These numbers will change every year. Today’s gold is tomorrow’s silver. The idea is to show that a poorly performing soldier is actually a gold, or whatever. But what it does instead is obfuscate the soldier’s score—or more specifically, the Army’s colossal failure to establish a sane, competent replacement to the Army Physical Fitness Test—a test, mind you, that was never broken to begin with.
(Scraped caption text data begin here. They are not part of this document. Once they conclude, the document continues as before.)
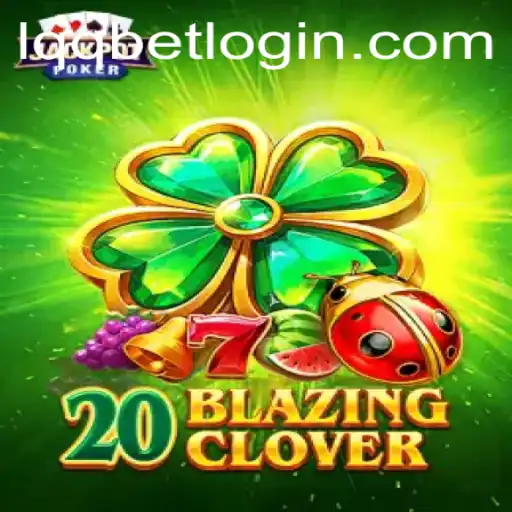 Discovering the Thrills of 20BlazingClover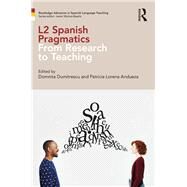 L2 Spanish Pragmatics: From Research to Teaching by Dumitrescu; Domnita, 9781138279940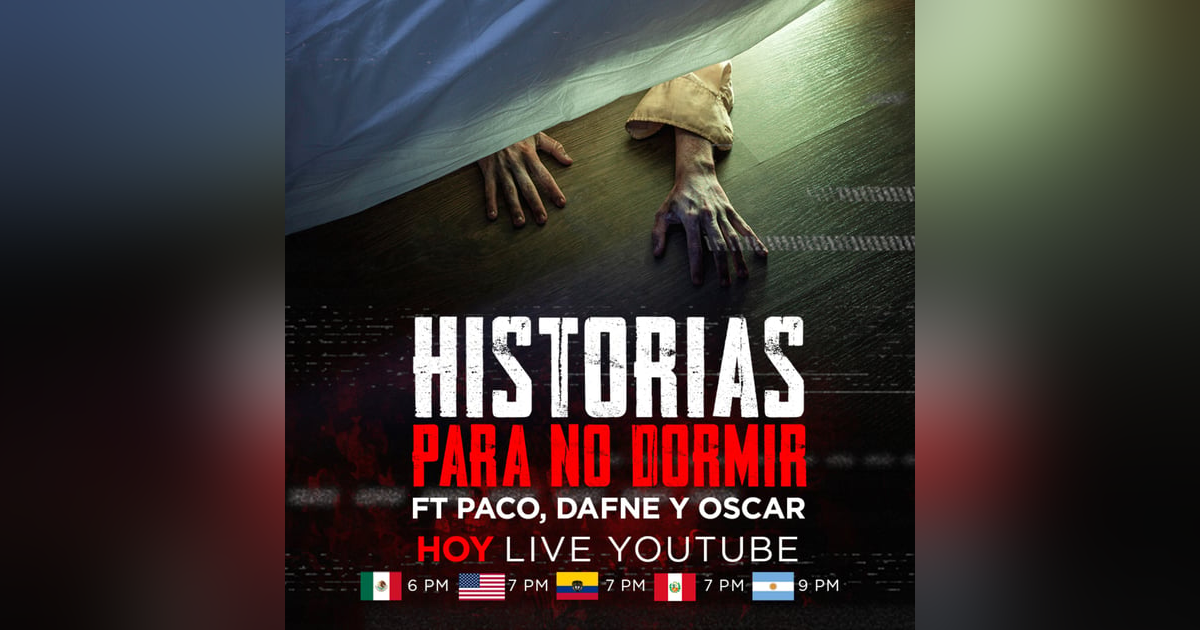 LIVE de Terror: Historias para No Dormir | No Es Normal.TV con Paco, Dafne y Oscar LIVE de Terror: Historias para No Dormir | No Es Normal.TV con Paco, Dafne y Oscar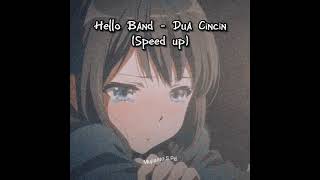 Download lagu Hello Band - Dua Cincin // speed up mp3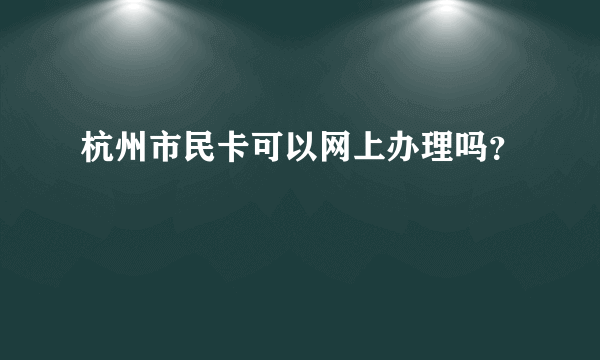 杭州市民卡可以网上办理吗？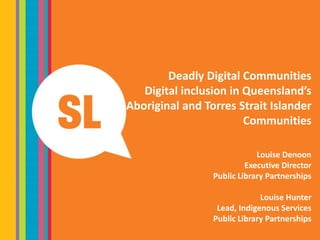 Deadly Digital Communities
Digital inclusion in Queensland’s
Aboriginal and Torres Strait Islander
Communities
Louise Denoon
Executive Director
Public Library Partnerships
Louise Hunter
Lead, Indigenous Services
Public Library Partnerships
 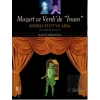 Mozart ve Verdi’de İnsan - Sihirli Flüt ve Aida (Özel Baskı)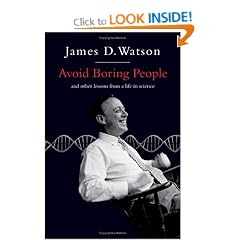 Avoid Boring People: And other lessons from a life in science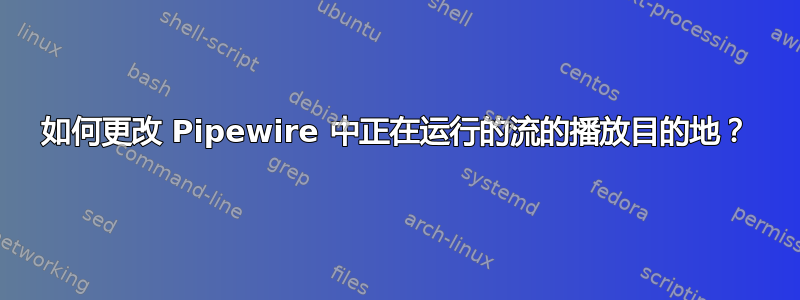 如何更改 Pipewire 中正在运行的流的播放目的地？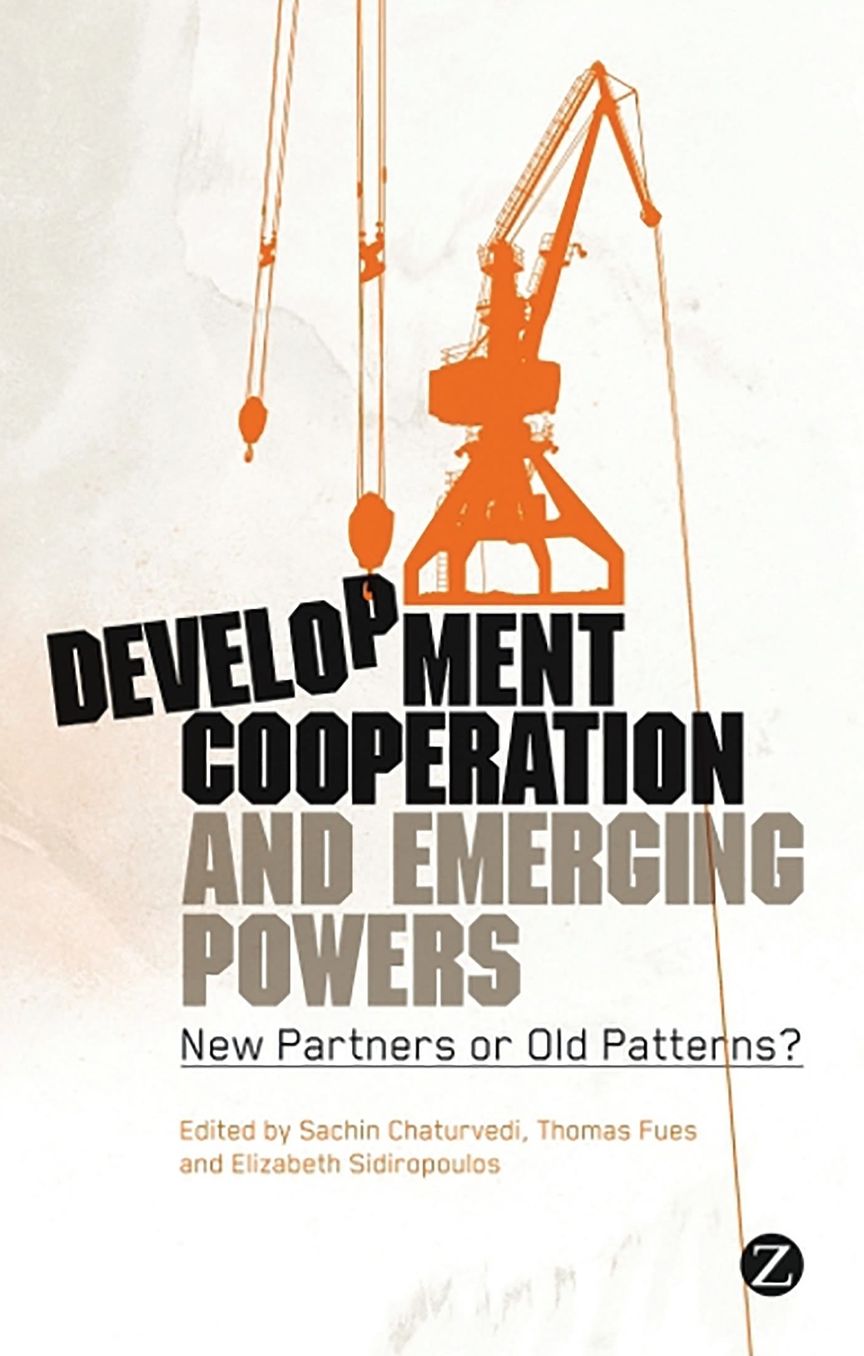 Development Cooperation and Emerging Powers: New Partners or Old Patterns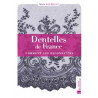 Dentelles de France Comment les reconnaître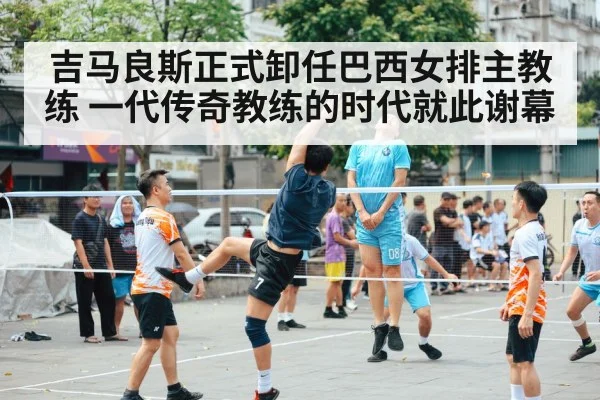 吉马良斯正式卸任巴西女排主教练 一代传奇教练的时代就此谢幕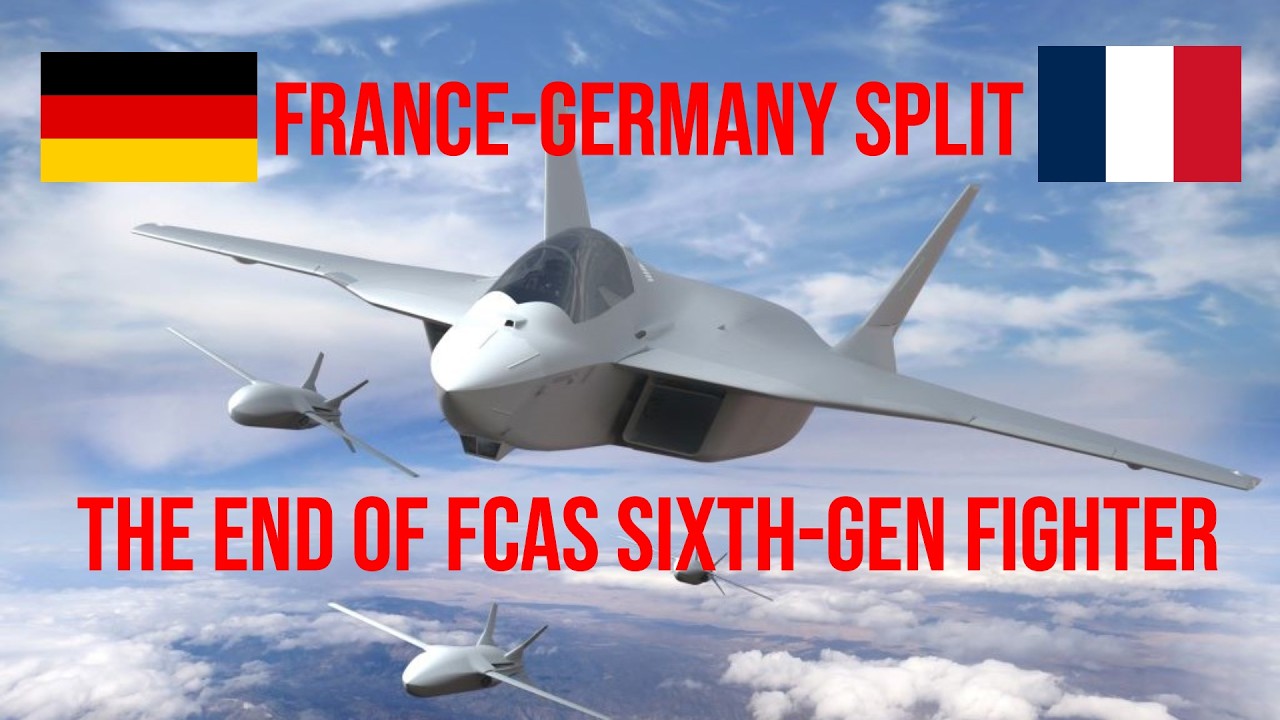THE END OF FCAS SIXTH-GEN FIGHTER: WHY GERMANY AND FRANCE ARE SPLITTING.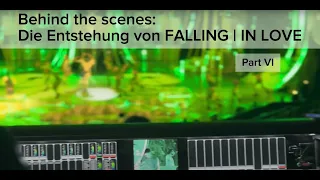 Behind the scenes: Die Entstehung von FALLING | IN LOVE (Part 6)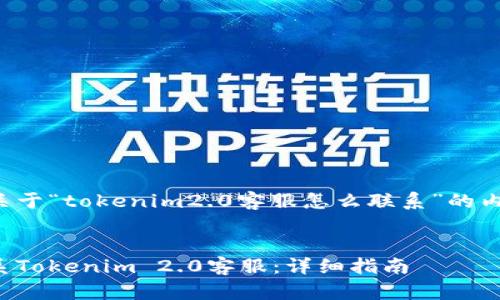 下面是关于“tokenim2.0客服怎么联系”的内容结构:
标签:
如何联系Tokenim 2.0客服:详细指南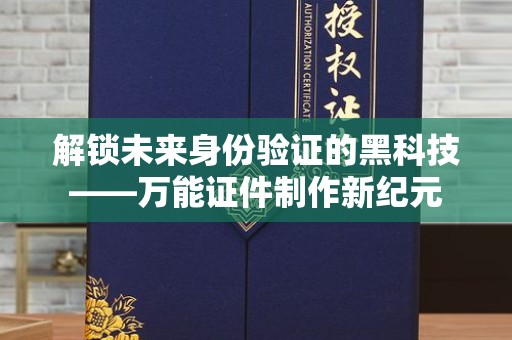 长治解锁未来身份验证的黑科技——万能证件制作新纪元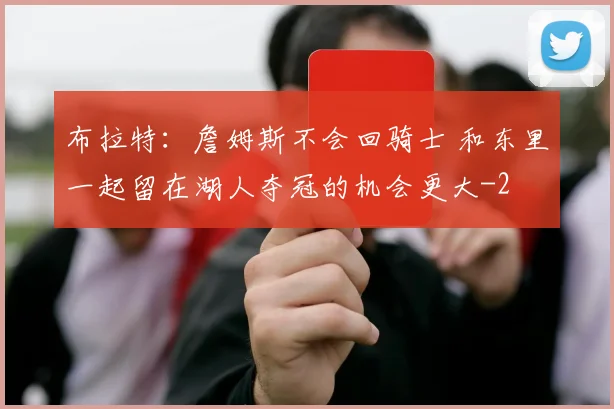 布拉特:詹姆斯不会回骑士 和东里一起留在湖人夺冠的机会更大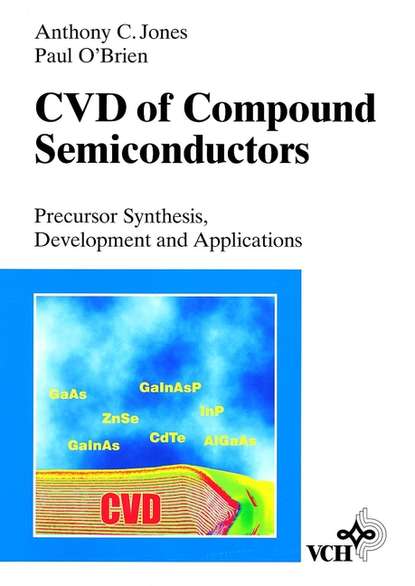 Скачать книгу CVD of Compound Semiconductors. Precursor Synthesis, Developmeny and Applications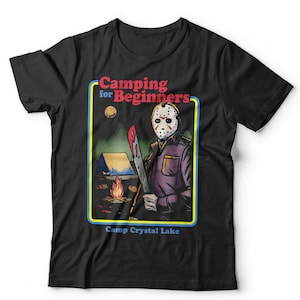 Camping For Beginners Tshirt Unisex Jason Voorhees Friday 13th Short Sleeve Crew Neck Classic Fit 100%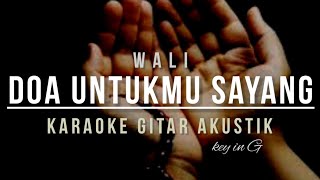 WALI - DOA UNTUKMU SAYANG (KARAOKE GITAR AKUSTIK)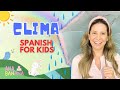 Aprende El Clima para ni&ntilde;os y beb&eacute;s - Ana Banana Espa&ntilde;ol -  Desarrollo del Lenguaje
Rather than fix the test, the Army is basically saying that women are now allowed do fewer reps and run slower than men, and still pass. Which is fine because they never should have set women up for this kind of failure in the first place. (There is a reason women and men do not compete against each other in the Olympics, and it’s not because the women Olympians are out of shape.) But because the old Army Physical Fitness Test already graded genders differently, why are is the Army bothering with the ACFT?
BUT WAIT, THERE’S MORE!
The longer this ACFT nonsense goes on, the harder it is to keep straight. And now it gets more complicated yet. The Army is now signaling that it will make the ACFT job specific as well. An Army dentist will not have to do as many leg tucks as an Army infantryman.
Again, this makes perfect sense, but how far we have strayed from “a single standard to be a soldier in combat.”
At this point, the only thing harder than passing the AFCT will be grading the ACFT. They should change the name of the test to ASVAB and be done with it.